Ligers are born when a male lion mates with a female tiger. This hybrid animal is recognized by the Guinness Book of World Records as the largest living cat on Earth. Ligers are presently known to exist only in captivity, as the natural habitats of the parents do not overlap.
Lions and tigers belong to the same genus, but are different species. As such, their offspring inherits physical characteristics of both the parents. Even the behavior of ligers is a mixture of that of lions and tigers.
A liger is different from a tigon, which is a rare hybrid of a male tiger and a lioness. It is also much bigger in comparison. Unlike tigons, ligers have a greater chance of living past birth. However, there is a possibility that ligers may inherit health issues of both the species. The following are some important facts about ligers.
Species: Panthera leo (male) x Panthera tigris (female)
Ligers tend to resemble the lion more closely because of the dominant gene. As such, a liger looks like a giant lion, which has muted stripes similar to a tiger on a brownish orange coat characteristic of the lions.
A liger is larger in size than both its parents. The head of a liger looks more like a lion's head, and the tail is more like that of lion. But, ligers have no trace of a mane. The face of a liger may have rosettes, which are rose like markings on the fur. These marking can be black, dark brown or sandy in color. The body color may be sandy, golden or tawny. Similar to the tigers, the underparts of ligers are pale.
Size and Weight
As mentioned above, ligers tend to grow a lot larger than both their parents. Typically males attain a total length of 3m to 3.5m and meaning that they are larger than even the large Siberian tiger. They are also known to weigh in excess of 1,000 lb. This makes ligers, the biggest living cat species in the world. Females too attain a great size (3.05 m on average) and an average body mass of 705 lb.
Ligers inherit behavioral characteristics of lions as well as those of tigers. They can make the sounds of both the lions and the tigers. Ligers enjoy swimming, which is a tiger-like behavior. They're also social cats, which is a strictly lion-like trait.
When they are cubs ligers, similar to lion cubs, are extremely playful and sociable. They are friendly and allow the admission of others into their territories.
Lion males, on reaching maturity become highly ferocious and territorial.
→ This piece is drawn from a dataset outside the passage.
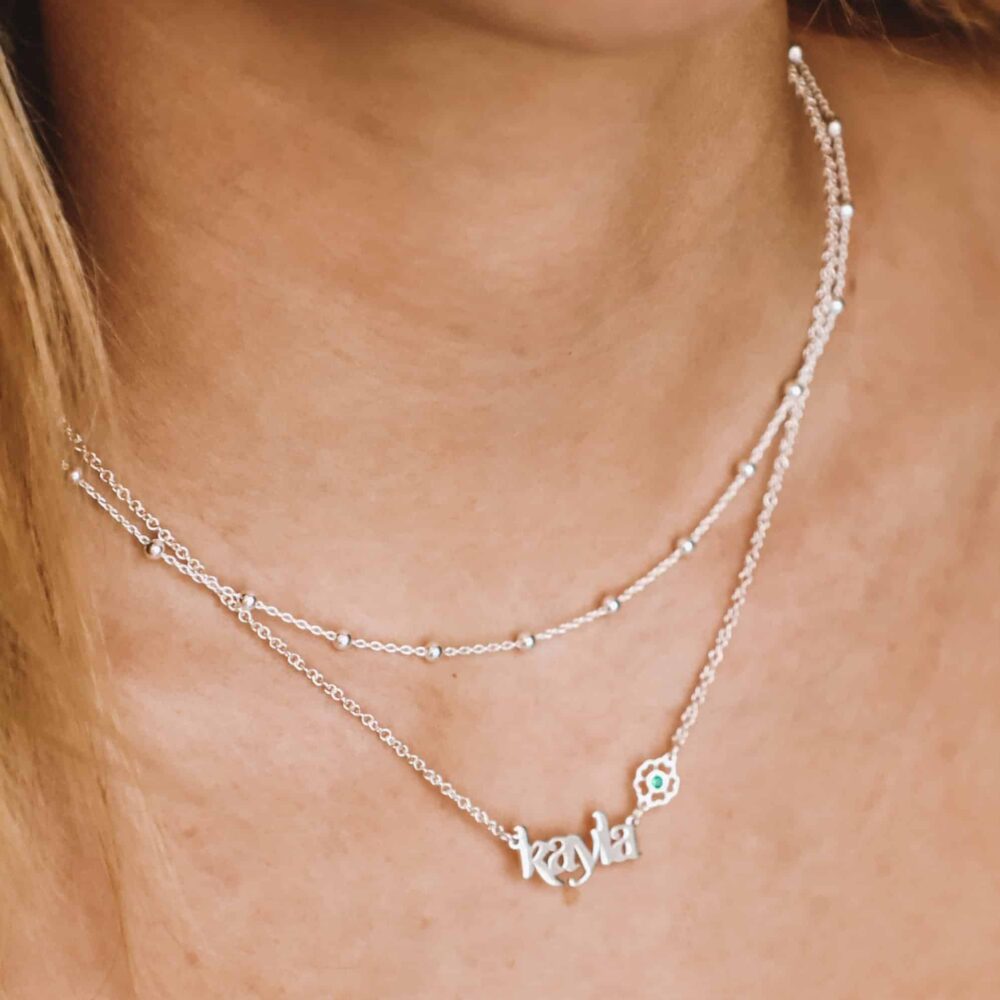 Layered Dewdrop Name Necklace & Birthstone Flower connector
The same is true for tiger males who in addition to being solitary cats are also territorial. Ligers on the other hand continue to possess mild personalities as they age. They retain their playfulness and more willingly accept others into their territories. They are also much more responsive to their trainers.
Facts and Records
- The known history of ligers dates back to the early 19th century in India. In 1799, Etienne Geoffroy Saint-Hilaire made a color plate painting of the offspring of a lion and tiger.
- During 1825, an engraving of liger cubs born in the year 1824, was made by G. B. Whittaker.
- In 1837, two liger cubs were exhibited to King William IV, and to Queen Victoria who would succeed him.
- Carl Hagenback wrote to zoologist James Cossat Ewart describing, along with photographs, the ligers born at the Hagenbeck Tierpark in Hamburg in the year 1897.
- During the year 1935, four ligers from two litters were bred in the Zoological Gardens of Bloemfontein, South Africa.
- Today a liger called Hercules exists in an interactive park Jungle Island, Miami. Hercules holds the record for the largest non-obese liger, who is recognized by the Guinness Book of World Records as the largest living cat on Earth. Hercules, weighs over 410 kg (904 lb.)
- Another liger, Sinbad, which is one of the three siblings of Hercules, was featured in the National Geographic documentary 'The Ultimate Cat'.
For a long time both ligers and tigons animal species were thought to be sterile, however this doesn't apply to both the sexes of the mixed species.
According to Haldane's rule, in hybrid animals, whose sex is determined by sex chromosomes, if one sex is absent, rare or sterile, it is the one with two chromosomes (eg: X and Y). As such male ligers are sterile, however, their female counterparts are fertile.
In the year 1943 a fifteen year old hybrid between a lion and an Island tiger, was successfully mated with a lion at the Munich Hellabrunn Zoo. The cub, a female originally of delicate health, was raised to adulthood.
The Russian Novosibirsk Zoo on September 2012, witnessed the birth of a 'liliger' named Kiara - an offspring of a lion father and a liger mother.
Now, that you have read the above facts on ligers, are you wondering if a white liger or snow white liger exists? Such hybrid animal is not reported yet, but in theory there is a possibility.
The exact life span of ligers hasn't been determined. Most of them die at birth or later due to genetic defects and greater vulnerability to diseases. The following are a few statistics:
A female liger named Shasta, was born at Hogle Zoo in Salt Lake City, and died at the age of 24.
Another was a male liger called Nook, who lived in Valley of the Kings animal sanctuary in Wisconsin, and died at the age of 21.
Hobbs, a male liger, was 15 years of age, when he perished due to liver failure, at the Sierra Safari Zoo in Reno, Nevada.